I'm often asked: what does estate planning mean and how does it apply to me? Proper estate planning ensures that your wishes will be met when you are no longer around. In addition, it allows for the orderly transfer of assets with a focus on reducing the impact of taxation.

Proper planning can dramatically increase the value of an estate. People are often shocked at the taxes owed to the individual governments on final disposition of RRIFs once both spouses are deceased. In addition, capital gains on non-residential real estate and recapture of depreciation on final disposition of these assets can lead to enormous tax exposure for future generations. Clients with large investment portfolios can be subject to huge capital gains liabili­ties once both spouses are deceased. One can easily roll over assets between spouses tax free, however the same rules do not apply to the children. I've seen many estates greatly diminished through poor planning or indifference.

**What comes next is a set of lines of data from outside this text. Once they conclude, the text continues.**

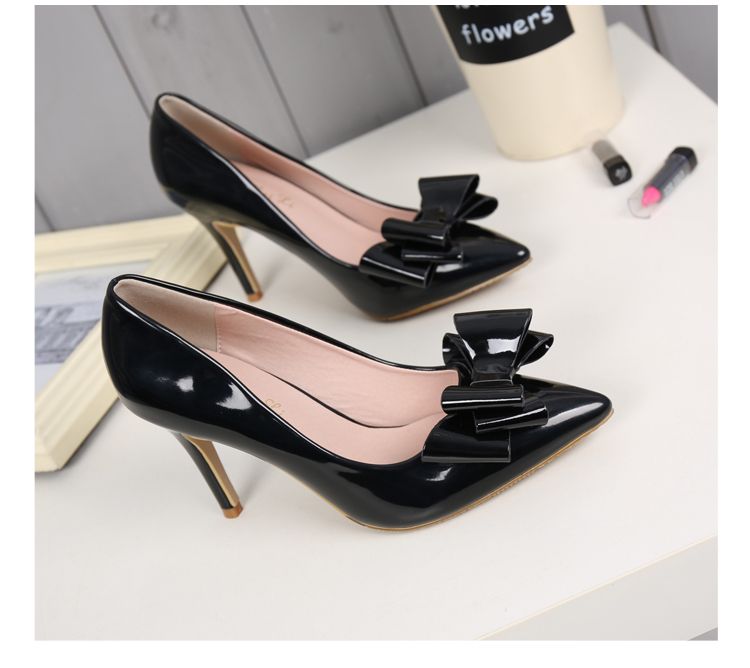 Pointed white bow tie high heels women’s light mouth small heel single shoe work shoes 62-65 small wedding shoes bridesmaids shoes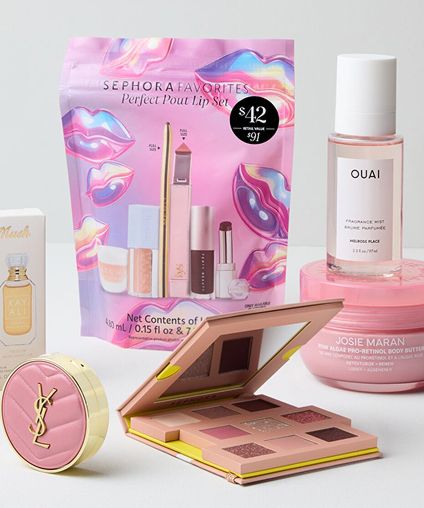 Collection of gift ideas for Mother's Day, including Josie Maran Body Butter, and OUAI Hair and Body Mist.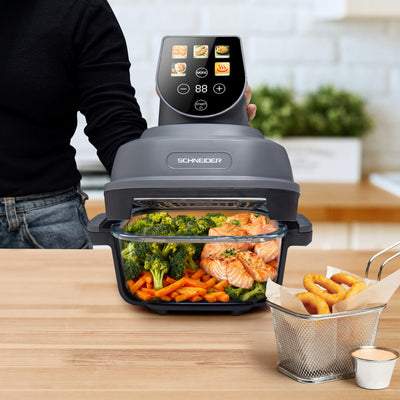 Cuisson visible à travers le bol en verre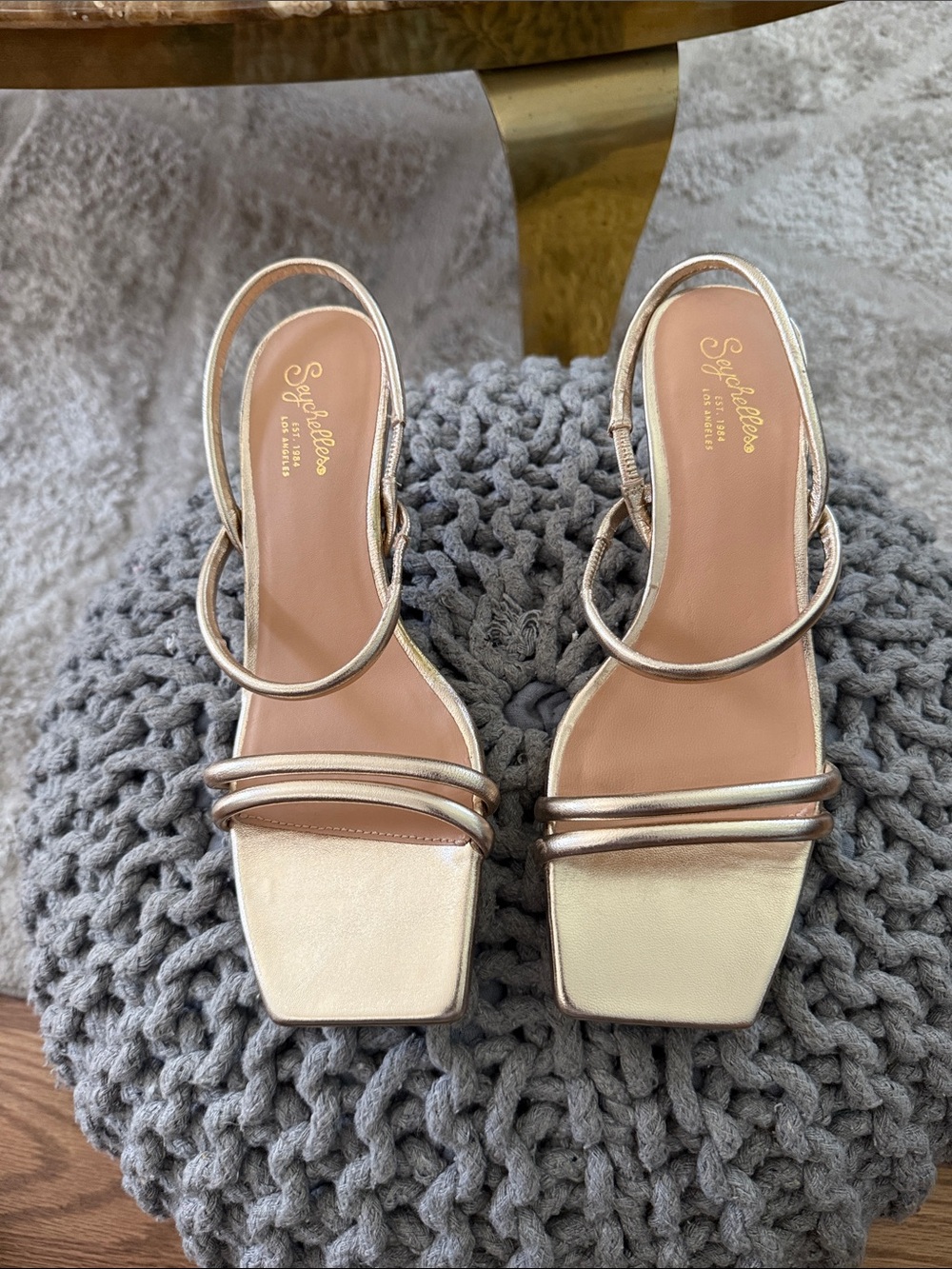 Seychelles Metallic Gold Square-Toe Strappy Slingbacks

One area of estate planning that requires particular interest is that of second marriages and blended families.

Without proper guidance it is possible that the deceased natural children lose out completely due to assets being transferred to the second spouse, and upon the demise of this second spouse, assets are inherited by the second spouse's own natural children. In this scenario all of the original family's wealth has just been transferred to an entirely different family due to poor planning.

Sometimes the use of Family Trusts are recommen­ded as a way to creditor-proof estates and reduce taxes. There are instances as well where adult children are incapable of managing large sums of money on their own and the proceeds of the estate are governed through a third party who dispenses money accor­ding to the wishes of the deceased for a finite time period. There are many examples of businesses in Canada that have not survived multiple generations due to infighting amongst siblings contesting the desires of their parents or squan­dering fortunes through mismanagement.

There is so much information readily available to address these issues. Do the research. Ask yourself some difficult questions. How will you be perceived by your own children after you are gone?

Seek out the resources of a trusted professional with proper accredi­tation and a good track record. Don't leave things to chance. Make sure your heirs (and not the government) receive the fruits of your lifelong labours.